Felony Charges

Hopkins Law handles all felony cases.

Felony offenses in Colorado include:
*Please see our Dictionary Of Criminal Charges section to better understand these offenses

Colorado Felony Charges

In Colorado, felony charges are categorized into six classes. Class one felonies, e.g. first degree murder, are considered the most serious. They carry the most significant penalties. Class six felonies, e.g. criminal impersonation, are considered the least serious and carry much smaller penalties. Felony charges should not be taken lightly – a felony conviction carries possible prison time. Even a class six felony conviction may require a minimum of one year in prison.
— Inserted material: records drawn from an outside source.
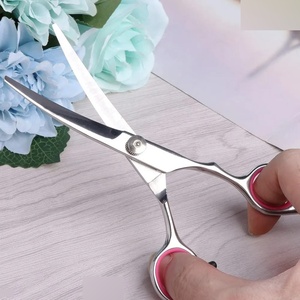 Ciseaux à cheveux professionnels en acier inoxydable avec pointe acérée, design pour droitiers, long manche en plastique pour la coiffure - Product Image 4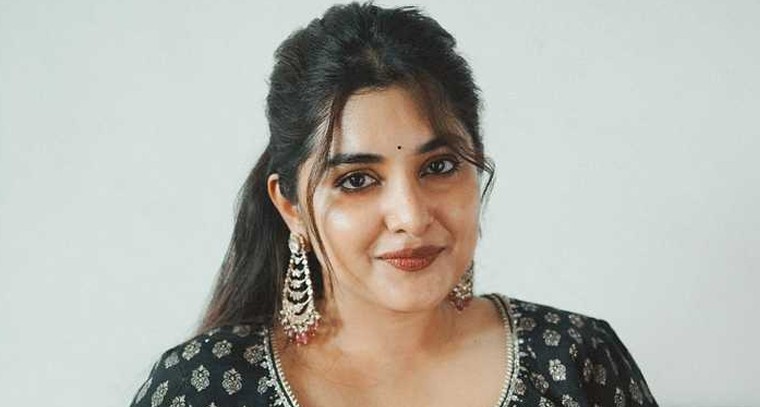 కొత్త లుక్‌లో నివేతా థామస్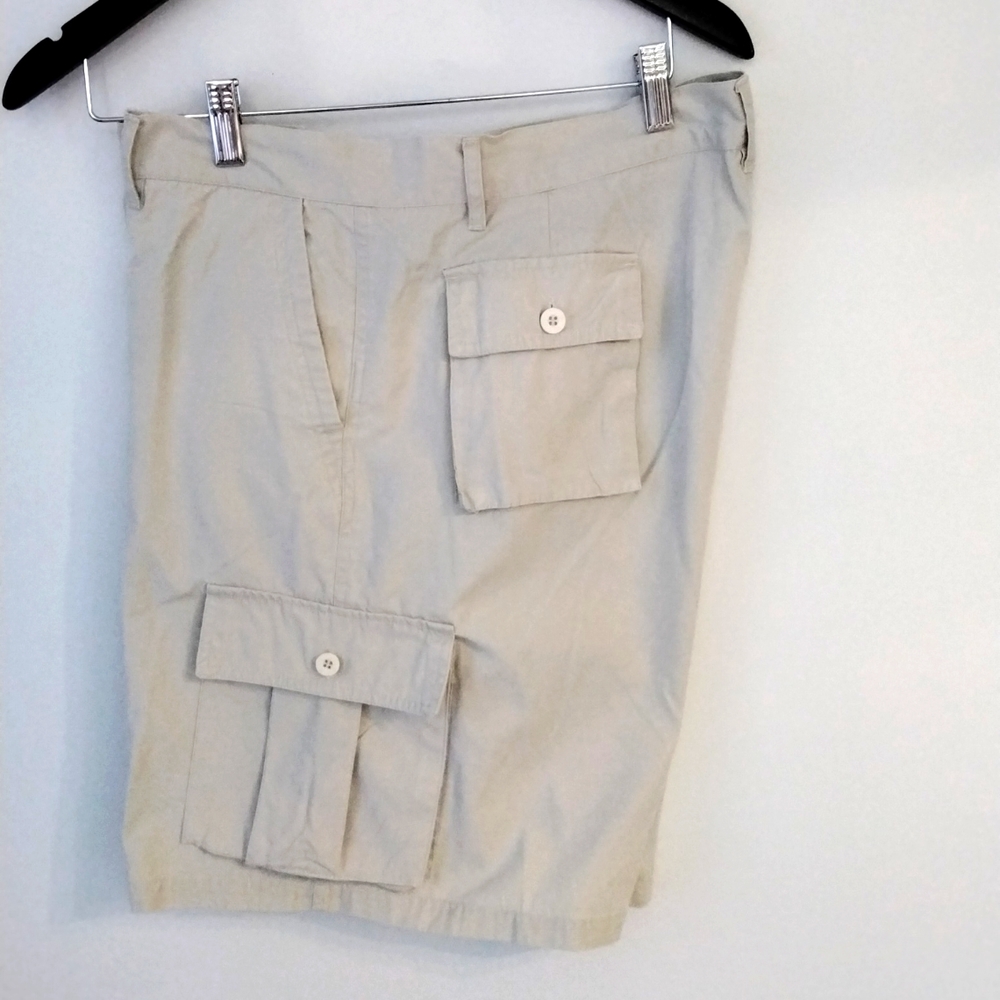 Mens' cargo shorts, size 38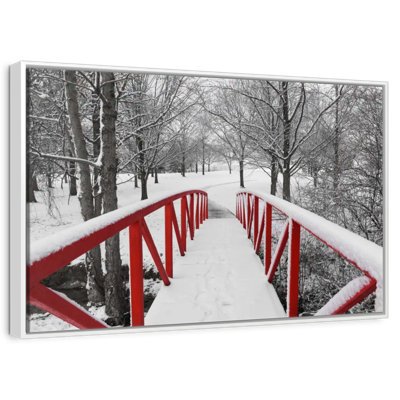 Passerelle rouge enneigée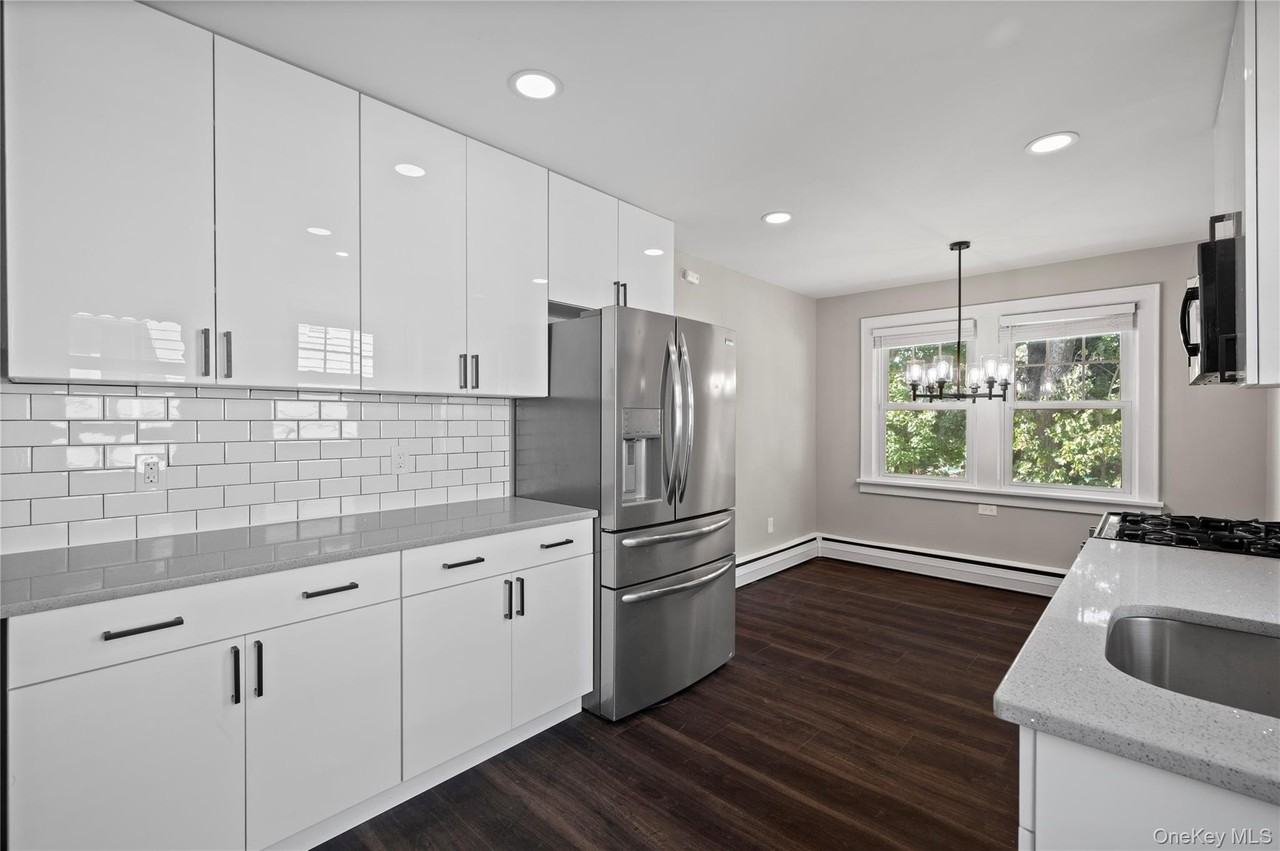 305 Columbus Avenue 1 Columbus Avenue unit: 1 #1 - Photo 4 of 20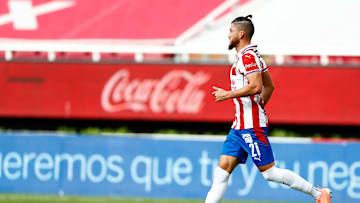 Hiram Mier durante un partido con Chivas
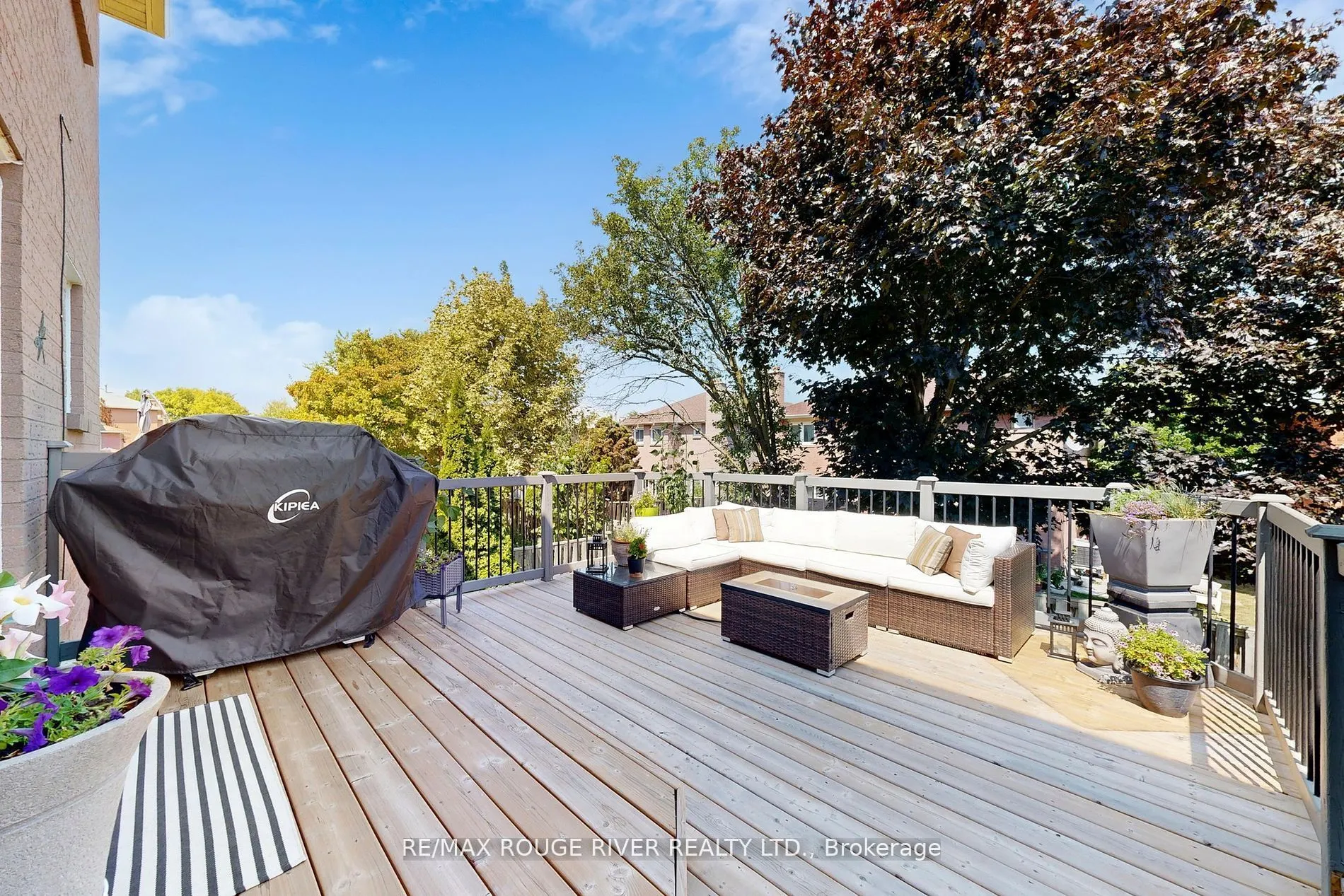 13 Dagwell Crescent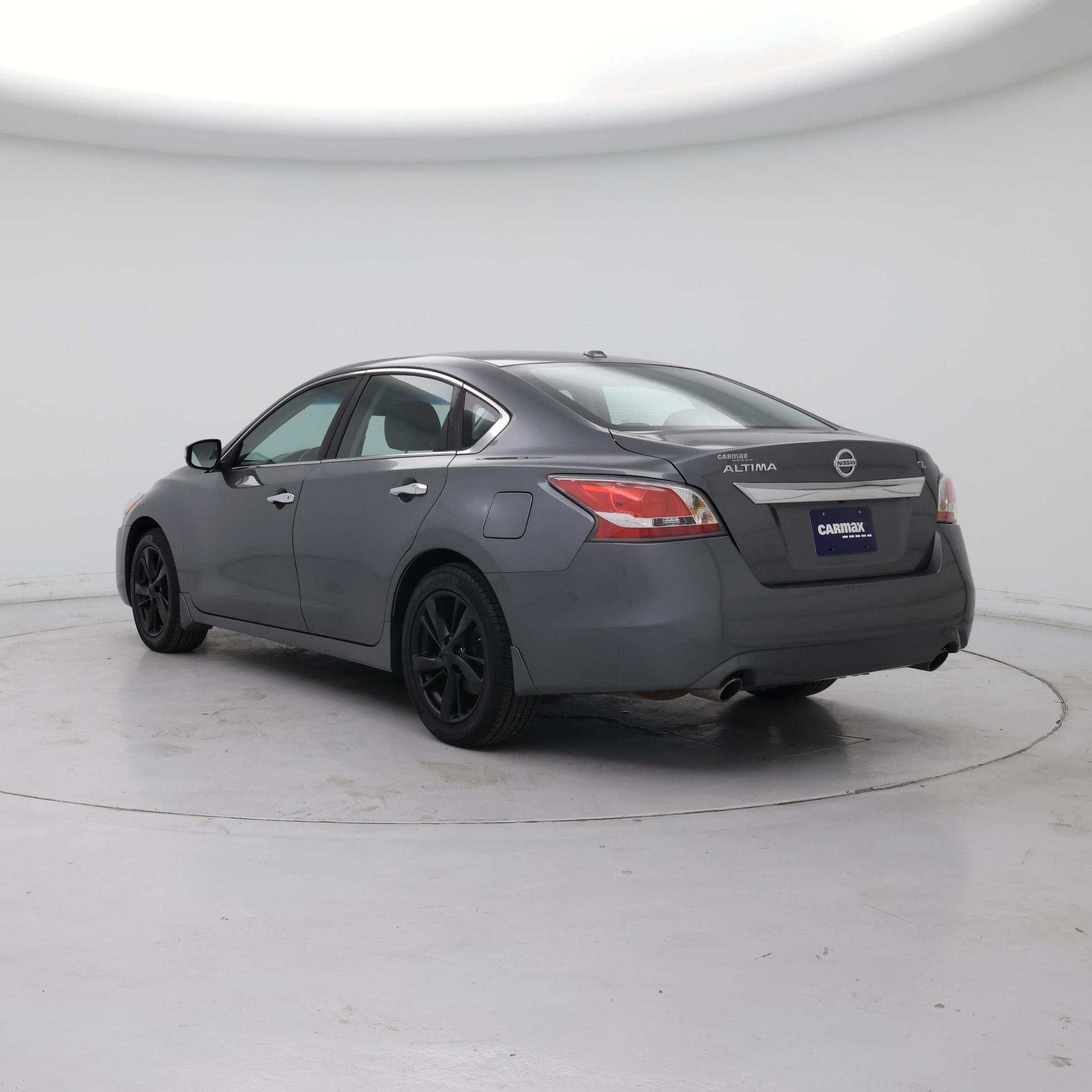 Thumbnail: 2015 Nissan Altima - 2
Most felony charges fall within classes two through five. Determining whether your charge is a felony, and if so, which class, is not as simple as looking at a criminal charges list. Categorizing it often depends on the facts of your case. Assault, for example, can qualify as a felony or a misdemeanor. A criminal trail attorney will help you understand the charges brought against you.

The Best Criminal Defense Advice: Know Your Rights

The United States and Colorado constitutions provide you with basic rights relating to criminal prosecutions. Since the felony legal process can be complex and confusing, the best way to protect yourself if you are charged with a crime is to know your rights. Knowing what to expect and knowing when you need to contact an attorney is the only way to ensure fair treatment.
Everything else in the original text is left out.